The key goal of this project is to understand the delicate interplay between these two competing tendencies. The PI will analyze specific models relevant to current experiments with the aim to understand when a superconducting state is most stable, and how to increase the temperature at which superconductivity is destroyed, thereby extending the temperature range that is useful for applications. Such understanding could lead to general conclusions about the complex behavior of electrons in materials and is also relevant for practical uses of superconductivity in, for example, energy storage, magnetically levitated trains, superconducting power lines, MRI imaging, and particle accelerators.

The problems the PI proposes to study are quite general and are of interest to a broad community of physicists. The project could have an impact on several other areas of science, such as mathematics and high-energy physics. A major component of this project is the mentoring and training of graduate students who will be involved in all aspects of the research.

TECHNICAL SUMMARY

This award supports theoretical research and education on strongly correlated electron systems, which are at the center of experimental and theoretical activities in condensed-matter physics.

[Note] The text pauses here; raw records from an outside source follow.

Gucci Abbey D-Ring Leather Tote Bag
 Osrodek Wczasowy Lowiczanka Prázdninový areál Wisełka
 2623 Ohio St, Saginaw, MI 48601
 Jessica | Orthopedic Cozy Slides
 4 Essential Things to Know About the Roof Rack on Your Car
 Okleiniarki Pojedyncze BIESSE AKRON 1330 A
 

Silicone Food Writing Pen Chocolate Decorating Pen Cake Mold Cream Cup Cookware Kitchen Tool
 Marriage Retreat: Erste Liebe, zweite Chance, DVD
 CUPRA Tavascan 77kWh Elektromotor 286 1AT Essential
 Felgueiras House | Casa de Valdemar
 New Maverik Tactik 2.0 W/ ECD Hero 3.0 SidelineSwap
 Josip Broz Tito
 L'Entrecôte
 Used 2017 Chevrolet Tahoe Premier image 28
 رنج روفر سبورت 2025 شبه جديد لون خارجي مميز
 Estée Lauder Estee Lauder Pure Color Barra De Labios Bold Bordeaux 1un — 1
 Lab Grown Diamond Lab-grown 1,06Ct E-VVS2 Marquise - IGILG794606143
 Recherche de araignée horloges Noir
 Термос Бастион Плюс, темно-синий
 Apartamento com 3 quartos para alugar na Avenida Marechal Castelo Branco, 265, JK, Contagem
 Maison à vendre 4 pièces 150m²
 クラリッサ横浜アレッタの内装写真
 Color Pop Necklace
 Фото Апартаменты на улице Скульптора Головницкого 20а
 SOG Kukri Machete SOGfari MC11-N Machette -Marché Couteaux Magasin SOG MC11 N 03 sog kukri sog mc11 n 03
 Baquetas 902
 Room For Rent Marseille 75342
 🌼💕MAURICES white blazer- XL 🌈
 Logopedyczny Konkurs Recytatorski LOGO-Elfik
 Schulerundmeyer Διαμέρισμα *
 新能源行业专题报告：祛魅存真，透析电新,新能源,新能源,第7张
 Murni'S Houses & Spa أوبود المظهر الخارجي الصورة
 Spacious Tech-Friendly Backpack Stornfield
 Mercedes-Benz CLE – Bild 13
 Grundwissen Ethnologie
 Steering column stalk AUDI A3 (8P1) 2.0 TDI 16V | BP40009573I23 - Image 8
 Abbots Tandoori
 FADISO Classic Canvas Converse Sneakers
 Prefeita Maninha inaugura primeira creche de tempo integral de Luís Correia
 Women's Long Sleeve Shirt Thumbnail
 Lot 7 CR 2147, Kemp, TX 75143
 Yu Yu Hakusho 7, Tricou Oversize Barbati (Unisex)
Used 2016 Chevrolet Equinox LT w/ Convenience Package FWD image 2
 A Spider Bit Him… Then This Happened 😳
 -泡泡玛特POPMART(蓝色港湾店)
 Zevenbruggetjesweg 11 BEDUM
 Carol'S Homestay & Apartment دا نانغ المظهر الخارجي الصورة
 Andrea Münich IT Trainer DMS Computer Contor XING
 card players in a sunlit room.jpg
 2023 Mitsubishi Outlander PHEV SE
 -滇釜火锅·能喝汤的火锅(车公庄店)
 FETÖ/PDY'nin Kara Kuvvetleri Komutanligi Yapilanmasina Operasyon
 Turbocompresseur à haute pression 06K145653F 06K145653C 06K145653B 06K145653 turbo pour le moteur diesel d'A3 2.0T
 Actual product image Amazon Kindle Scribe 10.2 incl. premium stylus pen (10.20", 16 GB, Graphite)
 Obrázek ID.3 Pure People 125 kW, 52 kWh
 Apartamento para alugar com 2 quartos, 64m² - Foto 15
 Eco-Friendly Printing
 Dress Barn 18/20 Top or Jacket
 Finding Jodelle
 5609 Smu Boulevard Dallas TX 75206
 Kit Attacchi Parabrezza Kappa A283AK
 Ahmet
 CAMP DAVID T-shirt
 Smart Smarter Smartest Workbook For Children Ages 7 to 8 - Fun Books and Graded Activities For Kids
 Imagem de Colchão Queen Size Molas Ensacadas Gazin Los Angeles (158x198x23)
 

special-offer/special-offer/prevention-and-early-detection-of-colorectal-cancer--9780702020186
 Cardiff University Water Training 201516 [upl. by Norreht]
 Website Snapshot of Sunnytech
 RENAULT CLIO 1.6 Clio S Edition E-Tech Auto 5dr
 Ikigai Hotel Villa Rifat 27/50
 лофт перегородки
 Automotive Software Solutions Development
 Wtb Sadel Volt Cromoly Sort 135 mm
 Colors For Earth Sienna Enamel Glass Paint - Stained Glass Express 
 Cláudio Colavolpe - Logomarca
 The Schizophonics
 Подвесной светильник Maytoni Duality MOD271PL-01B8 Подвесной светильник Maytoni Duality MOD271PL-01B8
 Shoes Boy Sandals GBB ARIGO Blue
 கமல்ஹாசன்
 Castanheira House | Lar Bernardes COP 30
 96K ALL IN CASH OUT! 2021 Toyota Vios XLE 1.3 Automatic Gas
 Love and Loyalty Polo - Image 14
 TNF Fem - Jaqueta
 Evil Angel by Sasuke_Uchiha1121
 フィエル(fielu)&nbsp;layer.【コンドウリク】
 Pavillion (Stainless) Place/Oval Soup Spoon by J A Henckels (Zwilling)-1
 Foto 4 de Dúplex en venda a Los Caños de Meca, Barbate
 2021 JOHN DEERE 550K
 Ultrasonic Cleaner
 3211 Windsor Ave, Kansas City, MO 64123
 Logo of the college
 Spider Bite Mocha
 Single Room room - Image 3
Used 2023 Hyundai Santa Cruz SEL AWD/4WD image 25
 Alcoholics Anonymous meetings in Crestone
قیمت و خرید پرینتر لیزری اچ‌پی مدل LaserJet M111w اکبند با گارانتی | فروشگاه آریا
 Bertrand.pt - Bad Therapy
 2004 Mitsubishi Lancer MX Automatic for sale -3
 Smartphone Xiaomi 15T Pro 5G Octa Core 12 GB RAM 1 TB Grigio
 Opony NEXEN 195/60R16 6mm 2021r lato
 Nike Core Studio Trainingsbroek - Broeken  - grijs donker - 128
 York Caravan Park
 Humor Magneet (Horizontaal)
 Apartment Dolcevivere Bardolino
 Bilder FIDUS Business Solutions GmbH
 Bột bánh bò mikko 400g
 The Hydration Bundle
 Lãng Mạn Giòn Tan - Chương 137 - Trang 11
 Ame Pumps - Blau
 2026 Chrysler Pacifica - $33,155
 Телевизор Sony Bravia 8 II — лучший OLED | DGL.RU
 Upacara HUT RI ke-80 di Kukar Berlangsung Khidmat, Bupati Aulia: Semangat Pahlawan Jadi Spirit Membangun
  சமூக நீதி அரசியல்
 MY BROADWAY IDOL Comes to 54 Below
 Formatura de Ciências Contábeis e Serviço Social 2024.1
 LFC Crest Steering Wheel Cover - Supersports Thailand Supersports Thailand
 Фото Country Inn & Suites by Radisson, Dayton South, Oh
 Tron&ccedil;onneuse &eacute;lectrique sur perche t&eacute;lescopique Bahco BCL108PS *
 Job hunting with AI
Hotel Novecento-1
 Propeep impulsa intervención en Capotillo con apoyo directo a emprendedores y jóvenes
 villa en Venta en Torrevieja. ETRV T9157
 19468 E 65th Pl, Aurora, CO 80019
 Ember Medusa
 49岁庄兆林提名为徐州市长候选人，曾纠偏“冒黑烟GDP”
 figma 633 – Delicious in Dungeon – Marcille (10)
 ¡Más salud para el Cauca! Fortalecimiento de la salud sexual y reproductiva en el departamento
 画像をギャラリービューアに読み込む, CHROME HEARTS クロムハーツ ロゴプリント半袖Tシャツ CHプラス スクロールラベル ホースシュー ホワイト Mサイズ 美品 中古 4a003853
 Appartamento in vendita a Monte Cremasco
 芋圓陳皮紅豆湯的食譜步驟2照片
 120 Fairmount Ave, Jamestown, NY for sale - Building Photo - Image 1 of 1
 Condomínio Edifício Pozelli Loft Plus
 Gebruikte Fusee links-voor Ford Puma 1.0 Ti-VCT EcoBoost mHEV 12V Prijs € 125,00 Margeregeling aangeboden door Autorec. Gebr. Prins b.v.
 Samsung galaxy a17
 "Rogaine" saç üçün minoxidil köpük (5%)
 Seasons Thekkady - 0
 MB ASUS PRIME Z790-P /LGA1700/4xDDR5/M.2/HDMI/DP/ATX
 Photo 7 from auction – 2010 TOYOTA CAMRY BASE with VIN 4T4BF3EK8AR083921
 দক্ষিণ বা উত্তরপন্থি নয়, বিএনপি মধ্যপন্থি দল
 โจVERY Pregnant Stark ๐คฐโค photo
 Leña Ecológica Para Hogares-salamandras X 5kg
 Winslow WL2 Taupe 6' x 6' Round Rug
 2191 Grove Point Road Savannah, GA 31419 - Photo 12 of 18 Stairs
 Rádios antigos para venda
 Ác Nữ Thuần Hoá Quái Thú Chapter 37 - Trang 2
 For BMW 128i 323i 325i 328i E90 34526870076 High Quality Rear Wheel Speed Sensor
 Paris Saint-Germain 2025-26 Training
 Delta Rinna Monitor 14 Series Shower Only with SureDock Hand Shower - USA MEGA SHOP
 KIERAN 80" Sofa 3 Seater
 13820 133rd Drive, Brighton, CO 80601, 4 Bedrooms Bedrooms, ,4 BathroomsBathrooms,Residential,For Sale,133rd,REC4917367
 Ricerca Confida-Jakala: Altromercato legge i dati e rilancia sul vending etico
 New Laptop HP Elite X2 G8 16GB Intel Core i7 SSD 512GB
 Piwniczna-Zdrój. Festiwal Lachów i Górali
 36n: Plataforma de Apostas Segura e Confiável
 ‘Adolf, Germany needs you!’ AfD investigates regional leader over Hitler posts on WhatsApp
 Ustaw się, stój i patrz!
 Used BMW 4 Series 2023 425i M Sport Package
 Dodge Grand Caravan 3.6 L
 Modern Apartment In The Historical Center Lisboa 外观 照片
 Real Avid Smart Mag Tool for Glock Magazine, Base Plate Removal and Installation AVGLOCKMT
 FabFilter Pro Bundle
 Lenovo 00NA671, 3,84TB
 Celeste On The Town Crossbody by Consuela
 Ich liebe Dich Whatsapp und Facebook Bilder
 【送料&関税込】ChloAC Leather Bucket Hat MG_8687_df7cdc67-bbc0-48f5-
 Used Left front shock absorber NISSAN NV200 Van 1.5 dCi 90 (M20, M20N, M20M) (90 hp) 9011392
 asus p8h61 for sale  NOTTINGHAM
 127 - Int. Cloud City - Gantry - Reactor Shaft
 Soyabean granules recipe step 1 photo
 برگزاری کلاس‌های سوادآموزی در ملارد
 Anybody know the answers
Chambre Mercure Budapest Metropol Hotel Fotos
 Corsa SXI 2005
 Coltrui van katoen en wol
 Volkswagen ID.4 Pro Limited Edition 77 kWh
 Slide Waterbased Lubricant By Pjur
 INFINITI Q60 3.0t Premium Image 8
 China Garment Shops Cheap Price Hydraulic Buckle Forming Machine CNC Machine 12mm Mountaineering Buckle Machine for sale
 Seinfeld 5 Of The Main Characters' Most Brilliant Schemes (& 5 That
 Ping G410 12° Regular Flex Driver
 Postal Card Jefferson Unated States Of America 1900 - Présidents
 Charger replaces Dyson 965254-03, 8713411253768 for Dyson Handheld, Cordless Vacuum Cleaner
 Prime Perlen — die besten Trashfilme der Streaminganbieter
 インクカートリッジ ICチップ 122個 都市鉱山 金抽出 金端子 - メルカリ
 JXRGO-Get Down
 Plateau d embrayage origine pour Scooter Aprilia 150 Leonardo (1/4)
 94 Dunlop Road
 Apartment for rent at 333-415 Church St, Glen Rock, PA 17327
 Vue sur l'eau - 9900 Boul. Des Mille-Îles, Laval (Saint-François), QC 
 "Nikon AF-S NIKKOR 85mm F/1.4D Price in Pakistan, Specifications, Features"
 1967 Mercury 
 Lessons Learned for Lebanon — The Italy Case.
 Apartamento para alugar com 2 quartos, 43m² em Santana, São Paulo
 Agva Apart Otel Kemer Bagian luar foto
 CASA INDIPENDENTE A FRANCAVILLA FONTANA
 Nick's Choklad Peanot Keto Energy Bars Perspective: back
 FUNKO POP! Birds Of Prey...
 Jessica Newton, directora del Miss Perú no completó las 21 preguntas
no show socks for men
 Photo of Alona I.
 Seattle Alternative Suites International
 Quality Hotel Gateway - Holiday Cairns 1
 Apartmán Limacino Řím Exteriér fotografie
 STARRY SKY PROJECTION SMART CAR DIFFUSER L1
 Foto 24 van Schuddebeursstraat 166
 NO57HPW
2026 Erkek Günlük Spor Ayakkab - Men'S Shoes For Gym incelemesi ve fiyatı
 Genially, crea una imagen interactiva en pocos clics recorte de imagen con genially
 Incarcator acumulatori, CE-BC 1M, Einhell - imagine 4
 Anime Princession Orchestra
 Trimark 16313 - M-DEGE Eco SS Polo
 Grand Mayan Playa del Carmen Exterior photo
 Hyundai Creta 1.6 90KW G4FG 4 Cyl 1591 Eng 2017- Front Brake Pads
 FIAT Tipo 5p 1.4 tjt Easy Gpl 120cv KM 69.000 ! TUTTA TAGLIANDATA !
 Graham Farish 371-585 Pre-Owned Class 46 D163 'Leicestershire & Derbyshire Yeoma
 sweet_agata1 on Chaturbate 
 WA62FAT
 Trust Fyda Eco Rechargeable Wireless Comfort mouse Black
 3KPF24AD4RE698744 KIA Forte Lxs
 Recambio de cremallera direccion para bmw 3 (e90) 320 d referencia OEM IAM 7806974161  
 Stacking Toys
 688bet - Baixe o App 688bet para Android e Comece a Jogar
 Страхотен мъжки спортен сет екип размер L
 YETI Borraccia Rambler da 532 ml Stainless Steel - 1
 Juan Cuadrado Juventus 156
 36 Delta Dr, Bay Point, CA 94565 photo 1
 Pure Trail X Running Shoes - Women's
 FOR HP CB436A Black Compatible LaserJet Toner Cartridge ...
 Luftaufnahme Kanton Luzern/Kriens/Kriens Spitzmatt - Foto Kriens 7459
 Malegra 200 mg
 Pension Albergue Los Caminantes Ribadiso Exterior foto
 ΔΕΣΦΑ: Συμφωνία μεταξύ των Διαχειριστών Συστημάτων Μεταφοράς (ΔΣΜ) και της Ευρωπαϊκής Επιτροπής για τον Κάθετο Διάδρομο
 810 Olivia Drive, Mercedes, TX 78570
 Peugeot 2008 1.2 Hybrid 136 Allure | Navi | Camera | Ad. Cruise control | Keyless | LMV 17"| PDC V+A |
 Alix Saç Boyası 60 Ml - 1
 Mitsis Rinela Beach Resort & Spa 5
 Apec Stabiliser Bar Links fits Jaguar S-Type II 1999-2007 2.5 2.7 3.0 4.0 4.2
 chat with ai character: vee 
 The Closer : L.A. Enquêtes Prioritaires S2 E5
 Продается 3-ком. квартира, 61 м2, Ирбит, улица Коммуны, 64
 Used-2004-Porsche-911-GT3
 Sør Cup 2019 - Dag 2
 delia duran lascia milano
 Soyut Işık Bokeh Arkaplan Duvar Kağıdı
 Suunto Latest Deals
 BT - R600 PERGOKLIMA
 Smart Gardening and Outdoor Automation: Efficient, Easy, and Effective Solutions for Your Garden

The PI will address several fundamental problems related to physics near a quantum critical point (QCP), where interaction with a critical boson gives rise to strong correlations and non-Fermi-liquid behavior.

The problems considered include the competition between fermionic incoherence and a strong tendency towards Cooper pairing, the interplay between pairing of incoherent fermions and superconductivity, the comparison of analytical theory with Quantum Monte Carlo data, and the special role of backscattering near a critical point. Near a QCP towards spin or charge order, the interaction with soft fluctuations of the order parameter destroys fermionic coherence either on the whole Fermi surface or in some (hot) portions of it. The same interaction also tends to bind fermions into Cooper pairs. The PI's plan is to analyze the competition between these two tendencies. In particular, he will address the issue whether one can get a non-Fermi-liquid behavior down to T=0, uninterrupted by the pairing. He will next study whether the pairing of incoherent fermions leads to true superconductivity or to pseudogap behavior of preformed pairs due to strong fluctuations of a superconducting order parameter. His specific goal is to understand the role of fluctuations of the shape of the frequency dependent gap, as these 'longitudinal' fluctuations likely become soft at least in some quantum-critical systems. To do this, the PI will derive the full Luttinger-Ward functional, whose minimization yields Eliashberg equations. He will analyze the profile of this functional away from the minimum and verify whether the stiffness of longitudinal fluctuations has extra smallness at a QCP. If this is the case, there should exist an intermediate temperature range where the pairing gap is already developed, but fermions remain incoherent and do not superconduct. This should answer the most fundamental questions about the behavior of a metal near a QCP.

The problems the PI proposes to study are quite general and are of interest to a broad community of physicists. The project could have an impact on several other areas of science, such as mathematics and high-energy physics. A major component of this project is the mentoring and training of graduate students who will be involved in all aspects of the research.

This award reflects NSF's statutory mission and has been deemed worthy of support through evaluation using the Foundation's intellectual merit and broader impacts review criteria.